If the freedom of speech is taken away then dumb and silent we may be led, like sheep to the slaughter.

- George Washington

Saturday, 7 May 2011

Faux chumminess

There's so much wrong with this sign (above the fruit and veg section in my local Tesco).

For one thing, it reinforces the 'five a day' message in the minds of shoppers. While eating a decent amount of fruit 'n' veg may be good for you (and I certainly feel better when I do), it's yet another nanny state intervention in my life, which I can well do without. It reminds me of the daily alcohol limits which were comprehensively debunked in 2007 when a member of the RCP working party that produced it admitted that the figures were plucked from thin air because they felt they "had to say something". Oh, and the 'red wine is good for you bad for you good for you bad for you good for you bad for you good for you" debate.
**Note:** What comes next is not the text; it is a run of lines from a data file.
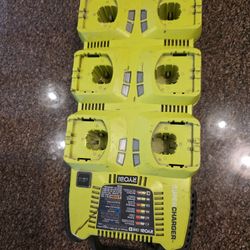 Ryobi P125 6 port super charger for 18v One + battery pack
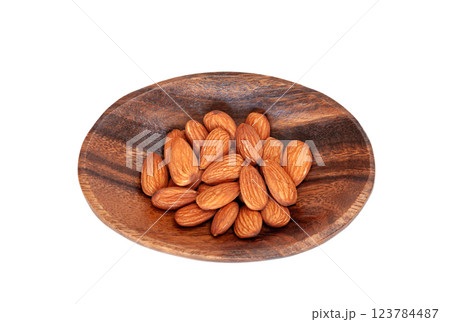皿に盛られたアーモンド【白背景・切り抜き】 123784487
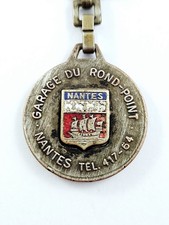 KEYRING - Augis - GARAGE du ROND-POINT - NANTES 1960s - VINTAGE coat of arms -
I've got to the point where I don't trust anything like that any more. And if it comes from an establishment 'doctor', so much more so. After all, 'scientists' gave us Global Warming Climate Change Disruption, didn't they?

For another, it's a blatant attempt to get you to buy more stuff. After all, an apple could be reasonably judged to he a 'handful', but what about peas? Could you imagine eating a whole handful of peas (look at the amount of grapes in the picture)? Or sweetcorn? You wouldn't be seen for a week. It's an upsell, pure and simple.

But the thing that really grips my spleen is that one word ...

"Well ..."

Supermarkets can't just sell you stuff you need any more; they have to be your best mate, too. They think a conversational tone is more likely to break down your suspicion that you are in a temple to capitalism whose only purpose is to part you from ever more substantial amounts of your cash. That's what supermarkets are, and nothing wrong with that, so why try to mask it in fawning chumminess? (Even worse are those 'hip' internet sites that don't display error messages, but give you things like 'Oops, we goofed! Hey, no-one's perfect, right?')

Actually, it's more than that, because the tone isn't matey at all. It's the voice of a primary teacher explaining something to a dim six-year-old.

"Why do I have to wear my wellies to go out and play?"

"Well ..."

I got heartily sick of that tone of voice when I was about ten. I do not want to hear it again, now that both my parents are dead and I have grown-up children, thank you very much.


  1. I think it's a thing of beauty, that sign. They got all the apostrophes right!

  2. Fair play, Julia, you always give credit where it's due.

    (Slightly out of shot: '10 items or less'.)

  3. No-one is allowed to say "We're here to make money. We want to maximise our sales to you so that we make as much money as we can. We think we can do that by offering lots of stuff that you really want at prices that tempt you" Whilst that would be honest, it would run directly contrary to the left-leaning Statist world-view that generally prevails in this country. Look what happens when a company make a big profit - they put themselves in the firing line for all sorts of criticism. Profits are just an invitation to go on the Today program and be accused of profiteering - as if there were no difference between the two.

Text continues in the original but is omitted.